The basis of these two films seems to follow this ethos as a strict guiding principle. In rebuke to reviews of North by Northwest that claimed he was participating in an unintentional parody of himself, he says, “I was aware when I was doing North by Northwest that I had a big tongue in my cheek all the way.” Aside from similarities in plot, Hitchcock’s facetious mischief is the spiritual link between The 39 Steps and its more famous descendant.
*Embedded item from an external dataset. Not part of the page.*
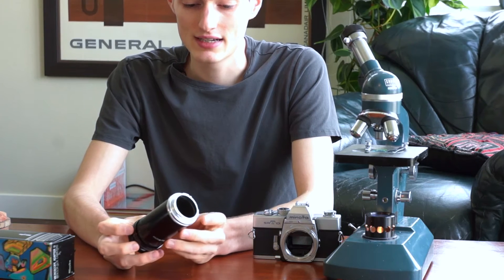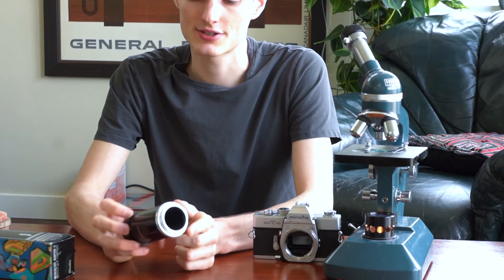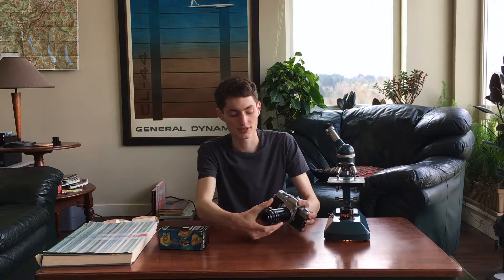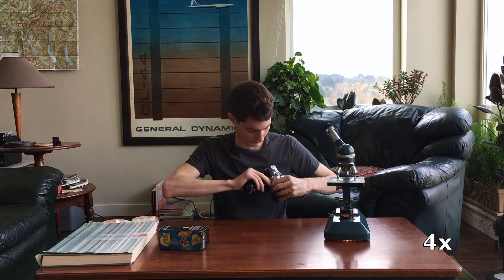Let's take a quick look at the adapter itself in a little more detail. On one side, the silver side, that's the part that goes onto the camera — this is the SR mount section. There's a little red dot that indicates where it mounts, and you can just stick it onto the camera and lock it in place just like you would a normal Minolta lens. The top section does also screw off, but in most cases you just want to leave it on.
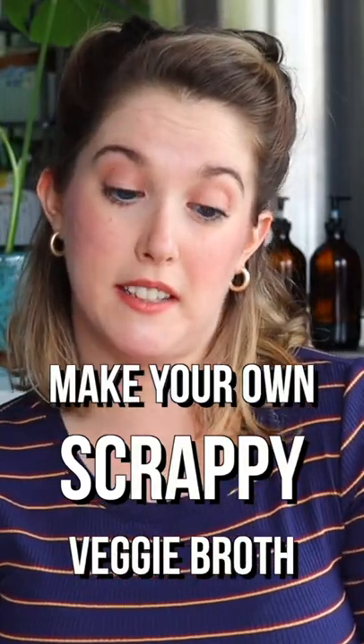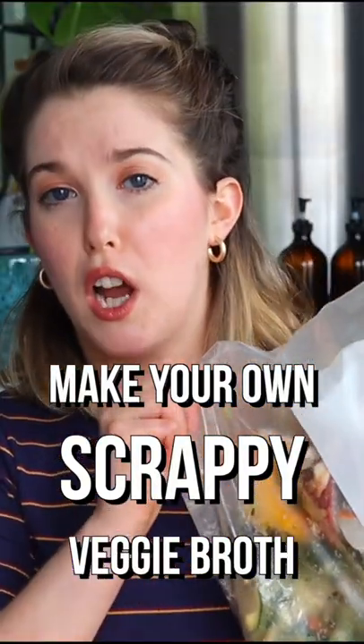Who doesn't love free things that taste amazing? Make yourself veggie scrap broth. Making your own veggie broth is way cheaper than the stuff you'd buy in a grocery store.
Ironically enough, North by Northwest screenwriter Ernest Lehman claimed that, despite the similarities between the films, he had totally forgotten about The 39 Steps until after he had finished his script. It speaks to the timeless appeal of the film’s crowd-pleasing capers, the DNA of which continues to permeate the public consciousness. Hitchcock seemed to realize the lasting draw of the film himself, and there’s something thrilling about his decision to return to the pulpy intrigue of his early British work right in the middle of making his most intricate masterpieces (North By Northwest was released the year after Vertigo and the year before Psycho). It further cements the range of his interests and the breadth of his talents: Hitchcock may be the Master of Suspense, but he’s just as much a master of pop spectacle.
Trace Sauveur is a writer based in Austin, TX, where he primarily contributes to The Austin Chronicle. He loves David Lynch, John Carpenter, the Fast & Furious movies, and all the same bands he listened to in high school. He is @tracesauveur on Twitter where you can allow his thoughts to contaminate your feed.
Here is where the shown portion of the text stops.